Quelle journée ! se disait-il, maintenant, s’épongeant le cou, sentant ce qui pouvait lui rester de forces, se dissoudre en de nouvelles sueurs ; une agitation fébrile l’empêchait encore de demeurer en place ; une fois de plus, il errait au travers de ses pièces, essayant, les uns après les autres, tous les sièges. De guerre lasse, il finit par s’abattre devant son bureau et, appuyé sur la table, machinalement, sans songer à rien, il mania un astrolabe placé, en guise de presse-papier, sur un amas de livres et de notes.

Il avait acheté cet instrument en cuivre gravé et doré, d’origine allemande et datant du dix-septième siècle, chez un brocanteur de Paris, après une visite au Musée de Cluny, où longuement il s’était pâmé devant un merveilleux astrolabe, en ivoire ciselé, dont l’allure cabalistique l’avait ravi.

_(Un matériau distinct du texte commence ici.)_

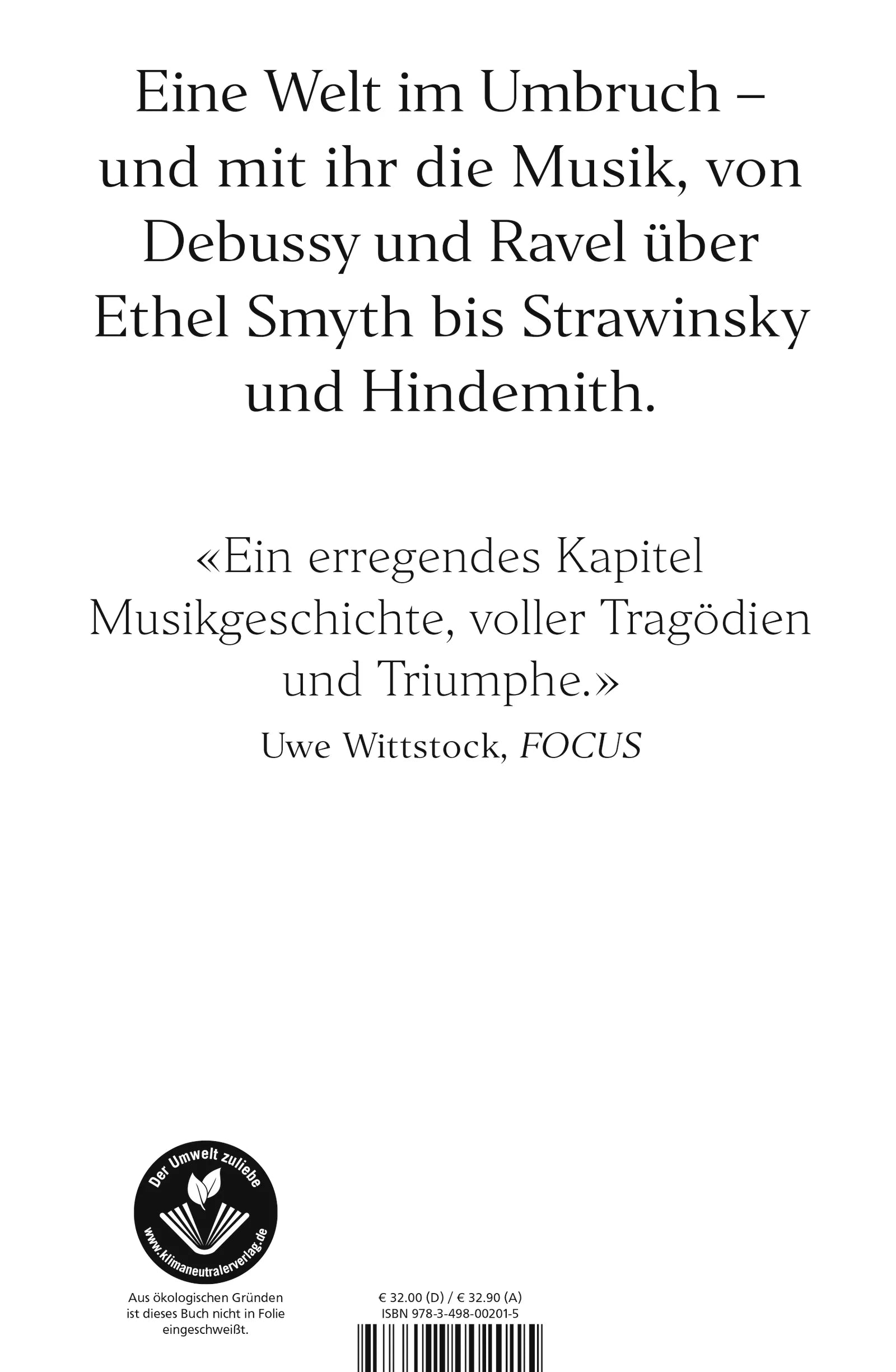 Buchrückseite von 'Flammen' mit Klappentext - Gebundene Ausgabe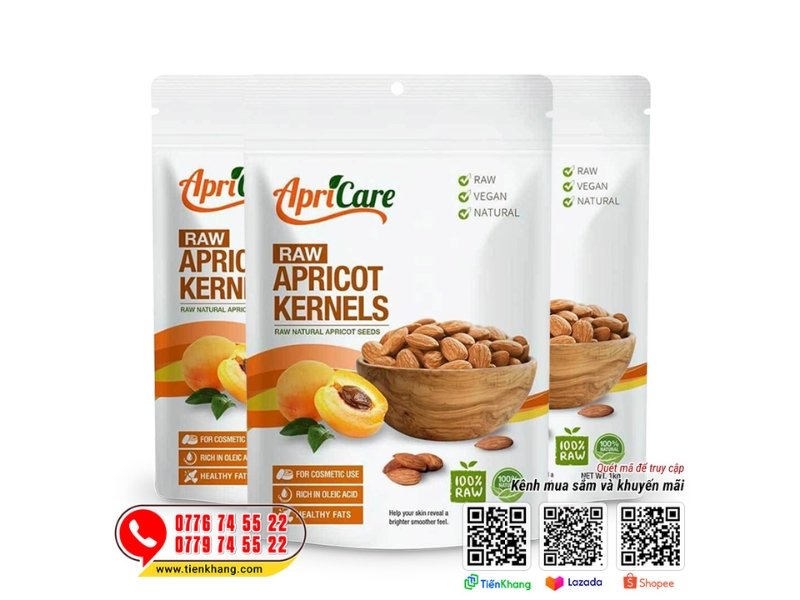 Nhân hạt mơ Apricot Kernels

Ce presse-papier remua, en lui, tout un essaim de réminiscences. Déterminée et mue par l’aspect de ce joyau, sa pensée partit de Fontenay, pour Paris, chez le bric-à-brac qui l’avait vendu, puis rétrograda jusqu’au Musée des Thermes et, mentalement, il revit l’astrolabe d’ivoire, alors que ses yeux continuaient à considérer, mais sans plus le voir, l’astrolabe de cuivre, sur sa table.